Covid highlights handling element
“This trend is expected to continue, as during Covid the importance of ground handling and proper infrastructure to support it became evident.”
Krikken says DSV “will continue to have a form of own-controlled cargo network, but it will move in accordance to the demand and capacity serviced in the commercial market. It will be scalable on frequencies and equipment (aircraft types) to support where commercial capacity is underserved or airport infrastructure not meeting our service expectations. Markets where DSV believes there is room for dedicated capacity and controlled ground handling will continue to be developed.”

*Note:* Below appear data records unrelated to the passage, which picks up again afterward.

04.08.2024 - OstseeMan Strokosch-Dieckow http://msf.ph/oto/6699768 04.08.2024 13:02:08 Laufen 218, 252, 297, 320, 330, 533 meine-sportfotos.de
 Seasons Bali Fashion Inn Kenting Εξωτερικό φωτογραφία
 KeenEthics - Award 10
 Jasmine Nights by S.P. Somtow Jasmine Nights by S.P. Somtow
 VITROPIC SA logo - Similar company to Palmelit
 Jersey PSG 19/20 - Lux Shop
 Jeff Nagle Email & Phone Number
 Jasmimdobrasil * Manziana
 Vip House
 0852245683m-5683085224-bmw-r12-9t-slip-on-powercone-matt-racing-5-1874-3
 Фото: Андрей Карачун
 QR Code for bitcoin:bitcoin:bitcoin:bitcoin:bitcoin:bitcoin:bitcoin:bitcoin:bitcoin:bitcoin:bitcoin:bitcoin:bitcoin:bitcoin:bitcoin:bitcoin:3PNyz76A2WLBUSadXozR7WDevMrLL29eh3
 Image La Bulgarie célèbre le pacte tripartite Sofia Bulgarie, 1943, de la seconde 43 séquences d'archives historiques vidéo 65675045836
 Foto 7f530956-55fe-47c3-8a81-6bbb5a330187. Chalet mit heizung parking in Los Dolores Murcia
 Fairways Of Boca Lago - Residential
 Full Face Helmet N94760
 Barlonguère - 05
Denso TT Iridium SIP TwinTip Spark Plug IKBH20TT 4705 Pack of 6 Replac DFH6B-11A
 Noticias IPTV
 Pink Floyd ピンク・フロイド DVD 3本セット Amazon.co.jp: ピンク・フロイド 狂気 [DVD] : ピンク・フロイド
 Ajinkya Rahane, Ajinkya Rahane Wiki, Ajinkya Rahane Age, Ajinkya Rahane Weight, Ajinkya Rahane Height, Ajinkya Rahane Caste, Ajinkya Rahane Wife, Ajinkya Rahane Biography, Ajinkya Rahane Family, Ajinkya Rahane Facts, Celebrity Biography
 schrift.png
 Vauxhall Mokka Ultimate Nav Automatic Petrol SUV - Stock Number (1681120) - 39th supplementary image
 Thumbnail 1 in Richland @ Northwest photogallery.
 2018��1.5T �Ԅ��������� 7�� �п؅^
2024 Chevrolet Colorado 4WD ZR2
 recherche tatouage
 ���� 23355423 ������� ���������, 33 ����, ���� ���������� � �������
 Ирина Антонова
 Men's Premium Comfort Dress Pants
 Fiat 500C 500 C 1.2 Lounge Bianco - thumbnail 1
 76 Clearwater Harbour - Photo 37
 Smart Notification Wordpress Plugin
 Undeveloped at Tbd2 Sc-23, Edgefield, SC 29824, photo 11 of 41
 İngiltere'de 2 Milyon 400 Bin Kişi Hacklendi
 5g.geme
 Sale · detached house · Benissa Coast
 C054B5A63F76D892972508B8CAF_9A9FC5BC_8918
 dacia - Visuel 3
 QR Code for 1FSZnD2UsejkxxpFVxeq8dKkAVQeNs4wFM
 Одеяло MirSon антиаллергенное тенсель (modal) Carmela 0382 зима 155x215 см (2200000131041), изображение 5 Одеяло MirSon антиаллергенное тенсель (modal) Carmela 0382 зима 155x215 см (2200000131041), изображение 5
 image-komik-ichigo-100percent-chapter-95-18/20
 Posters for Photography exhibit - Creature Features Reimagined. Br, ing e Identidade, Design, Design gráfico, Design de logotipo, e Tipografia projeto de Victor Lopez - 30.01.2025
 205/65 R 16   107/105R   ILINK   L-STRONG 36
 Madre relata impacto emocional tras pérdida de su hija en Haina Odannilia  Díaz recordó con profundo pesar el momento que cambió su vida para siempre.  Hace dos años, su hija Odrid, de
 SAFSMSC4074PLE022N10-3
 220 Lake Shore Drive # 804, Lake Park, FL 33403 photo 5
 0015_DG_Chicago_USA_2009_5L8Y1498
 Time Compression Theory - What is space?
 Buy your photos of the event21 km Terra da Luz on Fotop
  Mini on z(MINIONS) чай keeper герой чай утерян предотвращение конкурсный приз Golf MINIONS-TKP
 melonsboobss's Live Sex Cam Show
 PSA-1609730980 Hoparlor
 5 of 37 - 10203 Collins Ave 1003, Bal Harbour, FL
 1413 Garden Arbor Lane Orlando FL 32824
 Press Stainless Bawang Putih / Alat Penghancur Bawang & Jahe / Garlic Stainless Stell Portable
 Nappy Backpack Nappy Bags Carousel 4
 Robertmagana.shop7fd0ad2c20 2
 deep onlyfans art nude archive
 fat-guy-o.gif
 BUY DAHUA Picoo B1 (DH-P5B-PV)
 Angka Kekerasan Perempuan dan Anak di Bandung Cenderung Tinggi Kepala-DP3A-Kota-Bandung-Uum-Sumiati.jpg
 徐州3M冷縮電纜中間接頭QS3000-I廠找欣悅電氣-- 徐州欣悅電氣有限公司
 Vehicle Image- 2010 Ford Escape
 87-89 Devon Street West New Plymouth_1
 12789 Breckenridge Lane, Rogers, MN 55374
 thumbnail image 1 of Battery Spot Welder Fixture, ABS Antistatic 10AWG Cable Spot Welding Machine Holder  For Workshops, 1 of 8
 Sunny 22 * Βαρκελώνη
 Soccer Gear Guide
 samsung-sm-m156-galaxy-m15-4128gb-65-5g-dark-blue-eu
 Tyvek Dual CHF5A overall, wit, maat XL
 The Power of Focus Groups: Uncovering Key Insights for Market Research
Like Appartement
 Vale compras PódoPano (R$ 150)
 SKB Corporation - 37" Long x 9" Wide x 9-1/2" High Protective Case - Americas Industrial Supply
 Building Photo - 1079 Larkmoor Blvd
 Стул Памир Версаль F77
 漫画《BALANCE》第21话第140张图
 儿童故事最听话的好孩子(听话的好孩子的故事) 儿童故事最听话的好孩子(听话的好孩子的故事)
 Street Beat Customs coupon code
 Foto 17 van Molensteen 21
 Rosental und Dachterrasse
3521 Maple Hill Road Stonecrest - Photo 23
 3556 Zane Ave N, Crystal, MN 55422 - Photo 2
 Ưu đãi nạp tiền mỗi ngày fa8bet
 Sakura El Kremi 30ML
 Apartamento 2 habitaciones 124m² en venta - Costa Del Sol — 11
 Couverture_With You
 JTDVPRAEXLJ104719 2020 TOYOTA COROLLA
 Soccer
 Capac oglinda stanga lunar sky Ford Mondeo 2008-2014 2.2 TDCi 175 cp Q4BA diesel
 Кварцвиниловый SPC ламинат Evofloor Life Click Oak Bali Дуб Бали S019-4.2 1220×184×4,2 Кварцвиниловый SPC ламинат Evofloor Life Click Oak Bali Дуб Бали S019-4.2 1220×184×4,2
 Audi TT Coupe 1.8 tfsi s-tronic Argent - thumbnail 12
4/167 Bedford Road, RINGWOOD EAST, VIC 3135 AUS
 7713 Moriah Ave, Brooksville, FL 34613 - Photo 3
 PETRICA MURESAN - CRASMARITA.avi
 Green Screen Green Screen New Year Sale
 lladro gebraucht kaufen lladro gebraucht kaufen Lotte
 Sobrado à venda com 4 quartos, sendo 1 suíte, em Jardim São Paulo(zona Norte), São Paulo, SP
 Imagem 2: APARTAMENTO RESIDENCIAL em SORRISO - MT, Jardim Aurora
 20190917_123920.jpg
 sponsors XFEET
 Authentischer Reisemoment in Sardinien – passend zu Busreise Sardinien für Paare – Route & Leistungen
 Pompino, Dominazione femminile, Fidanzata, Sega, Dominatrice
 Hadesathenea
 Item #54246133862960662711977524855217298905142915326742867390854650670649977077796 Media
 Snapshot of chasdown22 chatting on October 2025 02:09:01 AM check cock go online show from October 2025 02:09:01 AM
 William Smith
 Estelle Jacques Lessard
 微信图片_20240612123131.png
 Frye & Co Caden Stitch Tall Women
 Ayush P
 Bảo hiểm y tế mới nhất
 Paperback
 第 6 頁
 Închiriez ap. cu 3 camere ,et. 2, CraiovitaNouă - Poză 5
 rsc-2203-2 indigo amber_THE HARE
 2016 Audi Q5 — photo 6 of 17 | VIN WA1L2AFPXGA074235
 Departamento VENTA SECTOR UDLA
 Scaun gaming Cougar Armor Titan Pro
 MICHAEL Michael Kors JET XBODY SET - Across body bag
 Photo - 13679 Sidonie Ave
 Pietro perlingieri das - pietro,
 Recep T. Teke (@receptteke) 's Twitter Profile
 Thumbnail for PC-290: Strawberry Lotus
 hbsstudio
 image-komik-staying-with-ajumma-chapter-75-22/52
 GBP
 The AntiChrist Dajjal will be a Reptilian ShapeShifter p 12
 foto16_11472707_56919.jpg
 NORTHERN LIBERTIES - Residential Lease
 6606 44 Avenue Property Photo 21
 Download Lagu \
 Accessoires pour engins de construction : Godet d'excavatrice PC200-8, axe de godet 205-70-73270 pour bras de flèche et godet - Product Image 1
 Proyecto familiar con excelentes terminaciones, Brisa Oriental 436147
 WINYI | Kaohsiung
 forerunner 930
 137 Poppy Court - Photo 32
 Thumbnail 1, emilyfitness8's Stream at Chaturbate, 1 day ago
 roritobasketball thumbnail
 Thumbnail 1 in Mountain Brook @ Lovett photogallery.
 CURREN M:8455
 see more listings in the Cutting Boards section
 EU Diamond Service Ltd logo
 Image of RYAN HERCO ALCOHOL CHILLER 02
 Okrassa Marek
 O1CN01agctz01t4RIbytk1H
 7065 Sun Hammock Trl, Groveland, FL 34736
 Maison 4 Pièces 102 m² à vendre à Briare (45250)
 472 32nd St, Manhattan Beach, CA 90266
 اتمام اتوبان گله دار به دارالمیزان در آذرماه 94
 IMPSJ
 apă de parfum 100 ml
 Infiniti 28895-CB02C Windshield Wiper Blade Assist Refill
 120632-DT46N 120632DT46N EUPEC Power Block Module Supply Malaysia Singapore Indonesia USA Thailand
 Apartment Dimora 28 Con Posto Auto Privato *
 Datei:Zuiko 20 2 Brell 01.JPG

With commercial scheduled capacity returning to the market as the effects of Covid recede, Krikken says any new services “will focus on specific areas where we believe capacity and controlled ground handling will bring additional value for DSV customers – be it from a geographical view or industry verticals which require dedicated freighter capacity”.
On an industry level, he expects that “certain capacity will shrink back as ocean markets recover and PAX capacity returns. With the Covid pandemic and other supply chain disruption (expected) to continue, we believe there will be a shipper base willing to continue paying a premium for a more integrated, end-to-end service by the 3PL.”
Goovaerts is unconcerned that these forwarder-controlled chartered freighter networks may shrink back, noting: “Aviation logistics will grow, and I think it’s a matter of engaging to the future instead of trying to be defensive of what was the past.

Being part of the change
“There are more and more IT tools every day. It’s clear we need to make the jump forward and be part of the change instead of undergoing change. That’s why I’m a firm believer in air cargo community systems and communities, because they link the different stakeholders for the benefit of the entire cargo community in a particular airport. Airports with very strong cargo community become more attractive.”
So, for Goovaerts, it’s about “making the pie bigger. First of all, get everybody aligned behind the cargo community vision, attract more volume into the airport, and it will create more economical added value employments because you will add to the distribution centre production centres.”
With new technologies and this greater appetite for collaboration, Goovaerts sees some significant new prospects of the overall air freight air cargo system becoming better integrated.
“We have to engage on innovation. If we are not going to do that, as industry leaders or as industry players, somebody else will do it. So, it’s a matter of continuing to invest in innovation in systems, in transparency, in making the whole air cargo chain more effective.”
He says Swissport has the resources to invest in those things, noting: “We have already a very strong backbone. We have real-time visibility in what we do globally. It’s just a matter of having a clear strategy, that we want to push this forward, and that we want to drive to be the industry leader in innovation.”